Beagles is not an island

Of course I don't believe in God, Mother Nature I see as a personification of the physical universe, which does exist even if she, as a person, doesn't, and my society, which is all people certainly does exist. 

Your parents are members of society, as are taxpayers, and the government too.
The people in other countries probably made some of the food you ate, some of the clothes you wore, etcetera.  Of course we paid for it, but then they paid us for whatever we sold them, it's called trade, it's an element of society, and it's a good thing.

I mention this because I think you have this crazy idea that all other countries are supported by our foreign aid.  Your ilk always gets their panties in a bunch over foreign aid which is a pimple on the ass of our budget and a much teenier pimple on the ass of the rest of the world.

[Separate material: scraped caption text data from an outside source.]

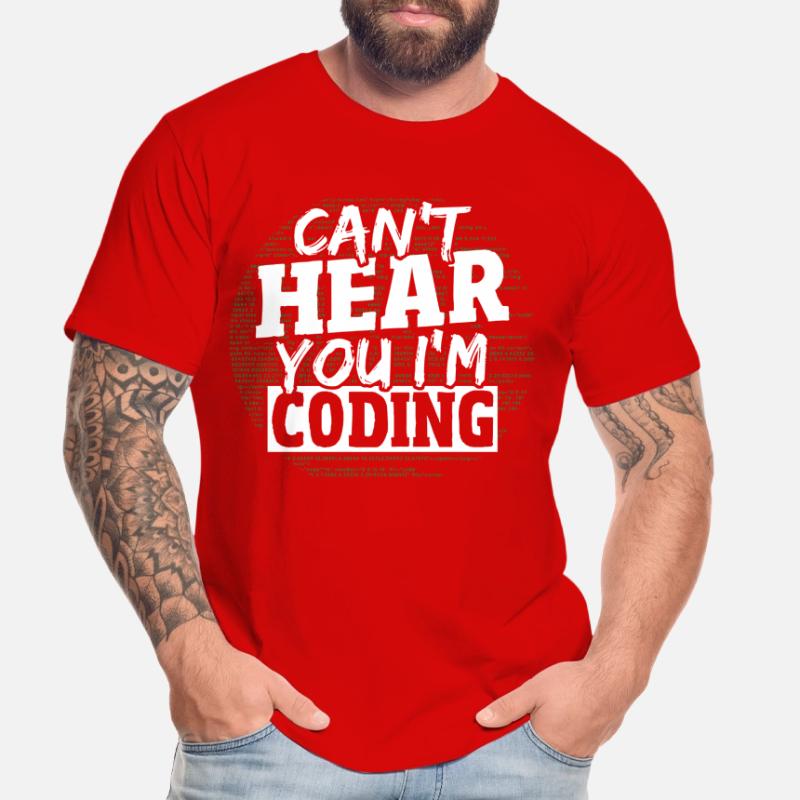 Can't Hear You I'm Coding Programming Programmer Männer Premium Bio T-Shirt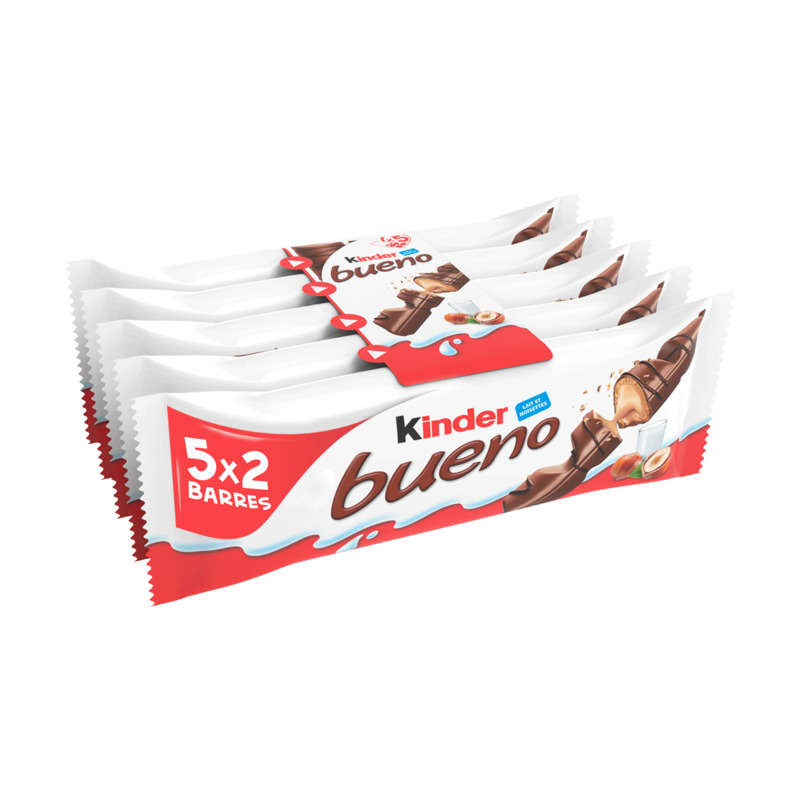 Kinder Bueno T2 x5 pack de X2 barres 215g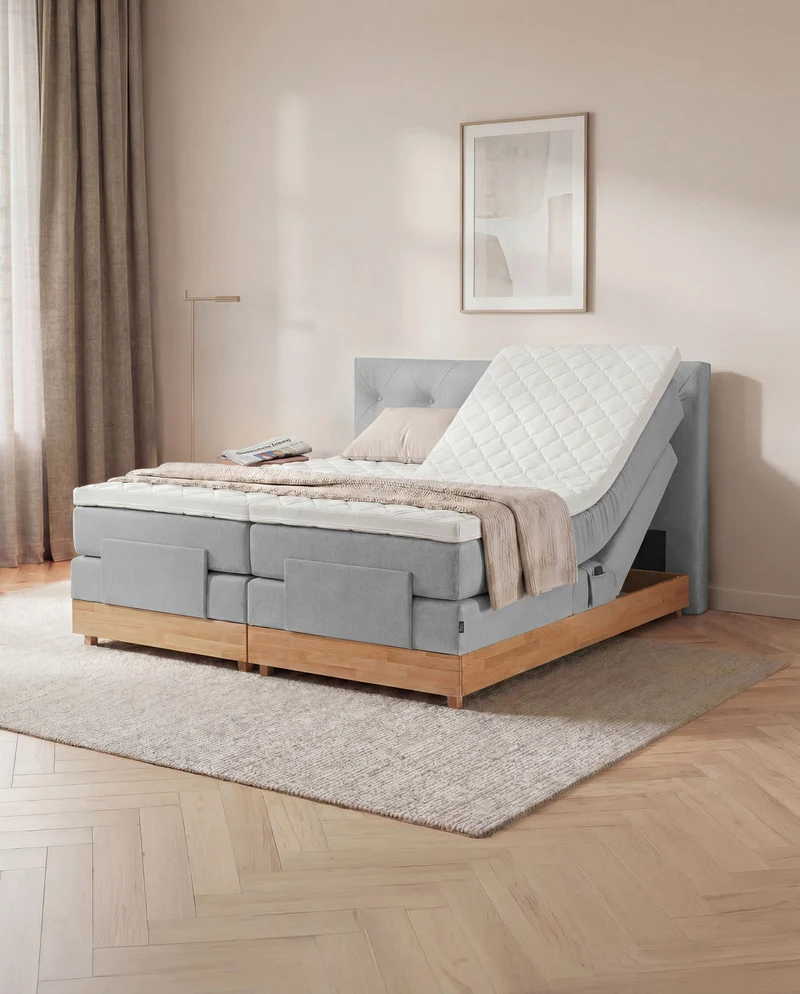 Boxspringbett Atla – mit Bettkasten oder elektrisch verstellbar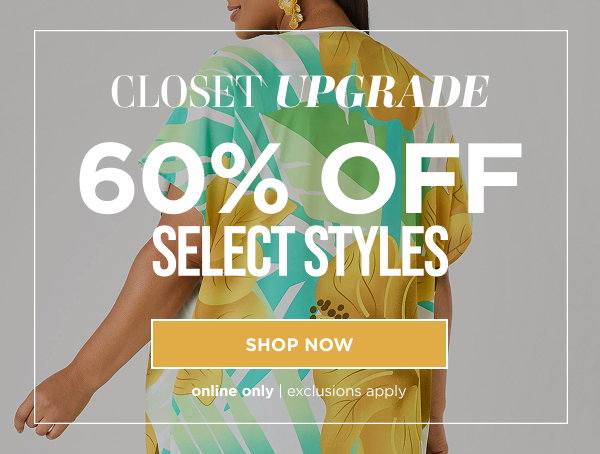 60% off select styles. Shop Now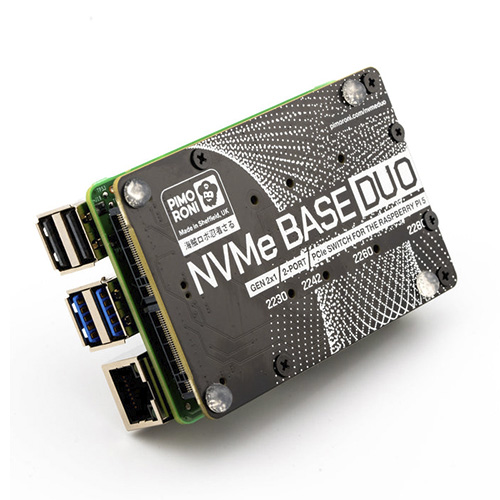 NVMe Base Duo for Raspberry Pi 5 Computer — 2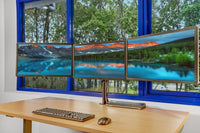 Dell P2414H 24" FHD Tri-Monitor System with Triple Arm & Cables (Refurbished)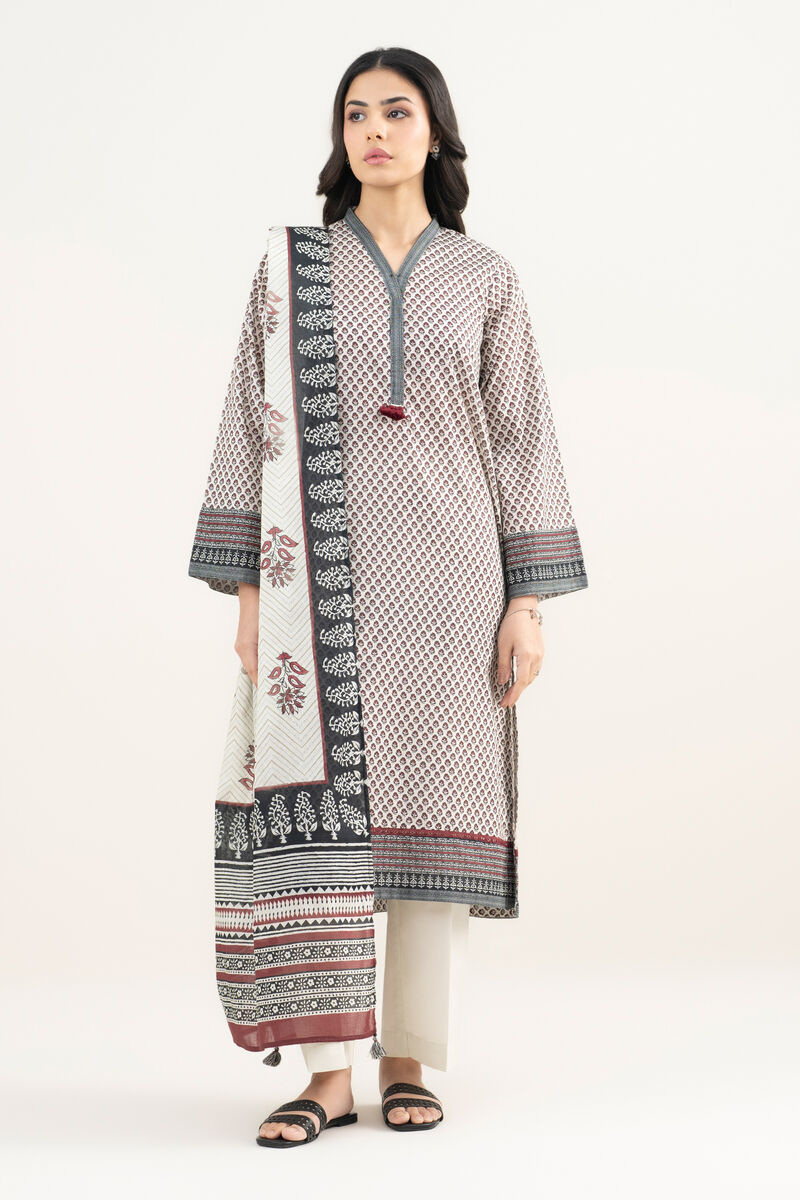 3 Piece - Printed Lawn Suit
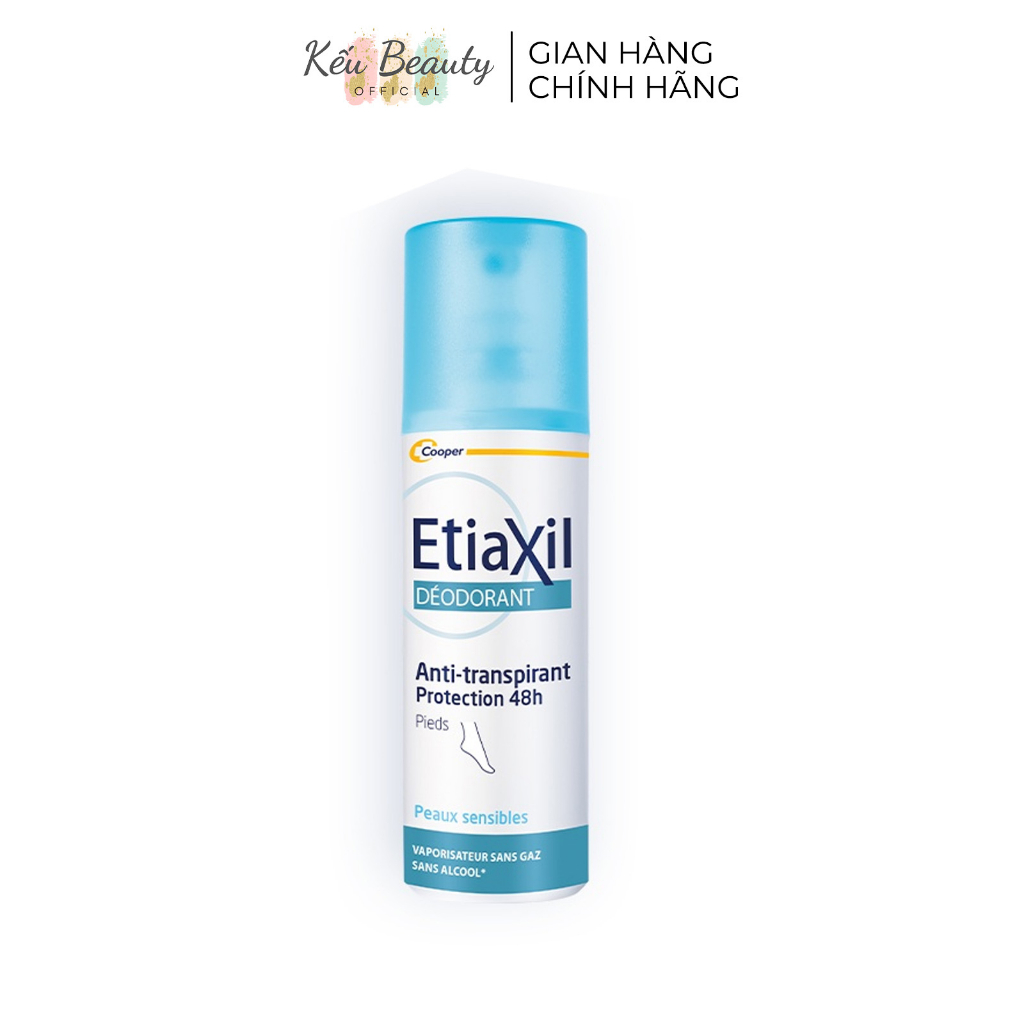 Xịt Khử Mùi Và Ngăn Mồ Hôi Dành Cho Chân 48h Etiaxil 100ml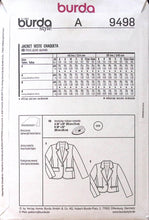 Load image into Gallery viewer, Sewing Pattern: Burda 9498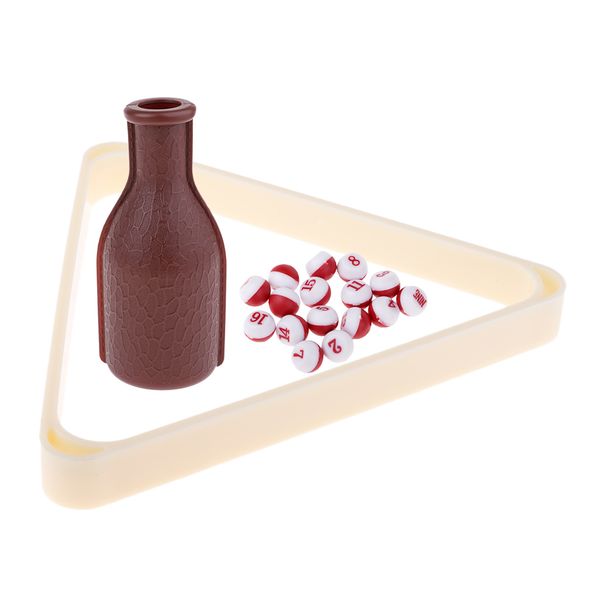 resin pool ball triangle rack with kelly pool shaker bottle tally peas snooker billiard accessories
resin pool ball triangle rack with kelly pool shaker bottle tally peas snooker billiard accessories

So what I am saying is that Beagles is not an island.  I suppose you could say you paid for everything you have, but without society you wouldn't have anything to buy.  You could hunt deer all year round, but you would be doing it with a pointy rock on the end of a stick.  Probably not even that because the caveman learned how to do that from his society.

And there we go with cannibalism again.  I do declare you have a fascination with that.  And you seem to have an intimate knowledge of their structure and moral codes.  If I am ever on a long trip across the frozen north, you can be sure that I will not be staying at the Beaglesonia Bed and Breakfast, because I would rather eat than be breakfast.

Oh I've told you, I like politics the way some people like sports, I just like to see people playing the game.  I'll watch the democratic debates too, but not with such relish.  I love to see what idiots the people on the other side are, but I am not that fond of seeing what idiots the people on my side are.


The old neighborhood looks good.  The houses are kept up, the lawns are mowed, everything is, well, tidy, the way I remember it growing up, except that all the signs are in Spanish and when you nod to people they say buenos dias.  Elsdon is some kind of Ghanian Adventist Church, Talmans is obliterated, Saint Gall is San Gall with a big image of Our Lady of Guadeloupe on the front door.  I went by the Lutheran Church on 61st where I used to be a boy scout, and there was a big line of people waiting for a food pantry to hand out food.  Last year there had been a similar line outside St Gall.  There was nothing like that when we were kids, but I think blue collar people are worse off now than they were then.